Seven ways to re-build your savings in time for Christmas
With a couple of months before the Christmas season gets into full swing, now’s the time to try these simple tips.
- Make manageable targets
Remember that ‘don’t live beyond your means’ applies to savings too. Be realistic with how much you earn and work out how much you can put away each month without having to scrimp. If it’s unrealistic, chances are you won’t keep it up. Complete a budget planner (basically, make a list of what money you have coming in and what you have going out each week or month depending on when you are paid). Start slow at first, saving as little as £10 a month/ week and then build it up gradually at a steady pace. Adding £10 extra each time you are paid is a good first step, and whether you’re a student or a parent this should feel achievable.

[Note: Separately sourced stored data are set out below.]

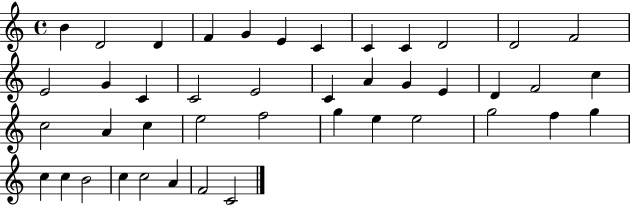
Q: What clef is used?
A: treble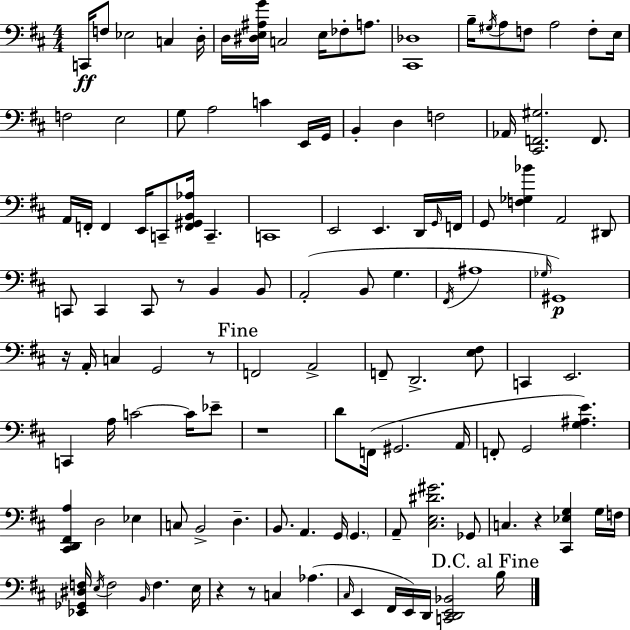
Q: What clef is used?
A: bass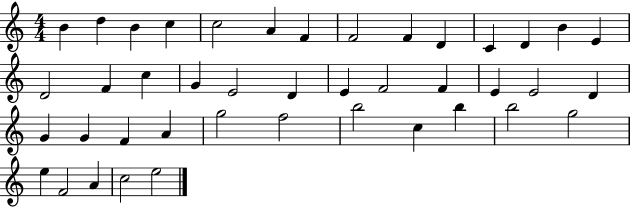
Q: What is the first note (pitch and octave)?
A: B4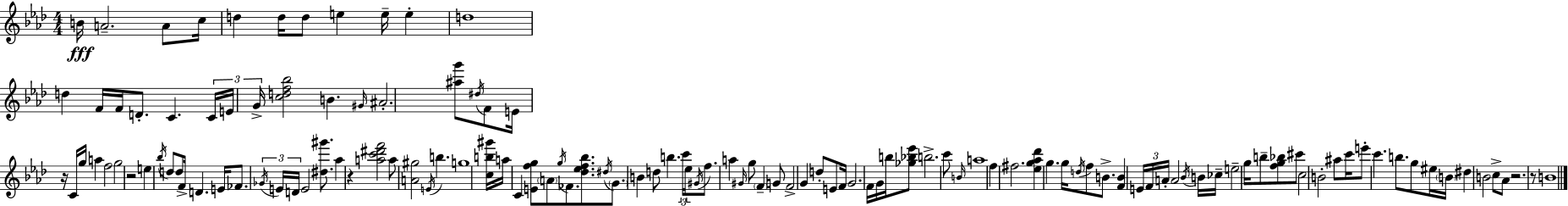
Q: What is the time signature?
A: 4/4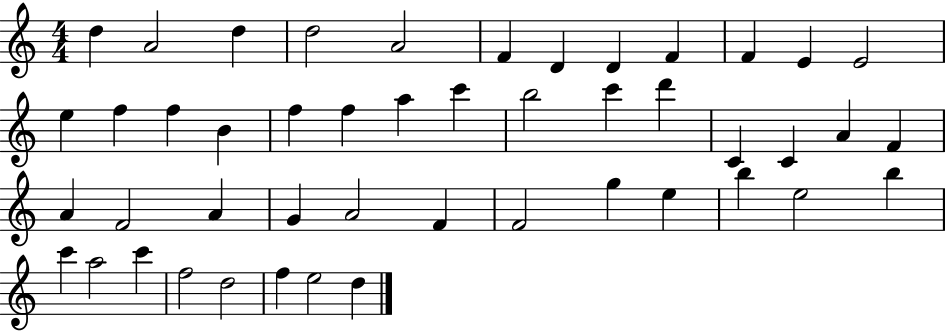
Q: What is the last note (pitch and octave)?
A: D5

- Out of sight, out of mind
The simplest methods are often the best. As soon as your pay cheque comes through immediately put what you want to save into a separate account. This simple step will give you a better idea of how much you have available to spend and removes much of the temptation to avoid saving. Look into setting up a standing order with your bank to make this even easier.
- Trade contactless for cash
Tapping your card may save you queuing time but it can increase the overall amount you spend. As you’re spending ‘virtual money’ you’re less likely to keep track of how much you’re spending. We’re spending more and more via contactless, £9.27bn in the first six months of 2016. Instead, take out the cash you need for the week ahead of time, it may be old-fashioned but it’s an effective way to avoid overspending.
- Kick the habit
Dipping into your hard earned savings can seem tempting when money is tight, especially if you have an easy access savings account. To help counter your spending surplus and break out of this topping-up routine, have a small amount in your current account as a buffer. If you have to use it you can but if you don’t, it can go into savings at the end of the month. Think of it as your own overdraft.
- Consider credit
Remember too that there are alternatives to dipping into your savings when you need to pay for bigger ticket items such as furniture, technology and holidays. There’s a historic tendency to view purchasing such items on credit as bad for your personal finances. This simply isn’t true. If you use an interest-free credit card, interest free finance or deferred finance you can manage the monthly repayments and avoid losing out on interest earned on your savings. Just make sure you keep track of when the interest-free period ends.
- Rein in your receipts
Brits love food, in an average week we spend £59 on it and we’re always after a good bargain but food-related spending has been increasing. Doing one weekly shop and planning ahead will save you money, especially if you’re cooking for more than one. Top-up shopping, as it’s known, or visiting the convenience shop every day can be easier but it’s costly. Even if it’s dinner for one, cooking in bulk at the weekend and freezing could be a much cheaper option than grabbing a ready meal on your way home.
- Treat yourself
Got your eye on that certain something in a shop? Saving is about controlling your spending but also rewarding yourself when you’ve reached a goal. Set a target and once you get to it, allow yourself a little treat. If you’ve saved £500, give yourself a reward of £50. Saving is difficult and it’s important to have an extra motivation.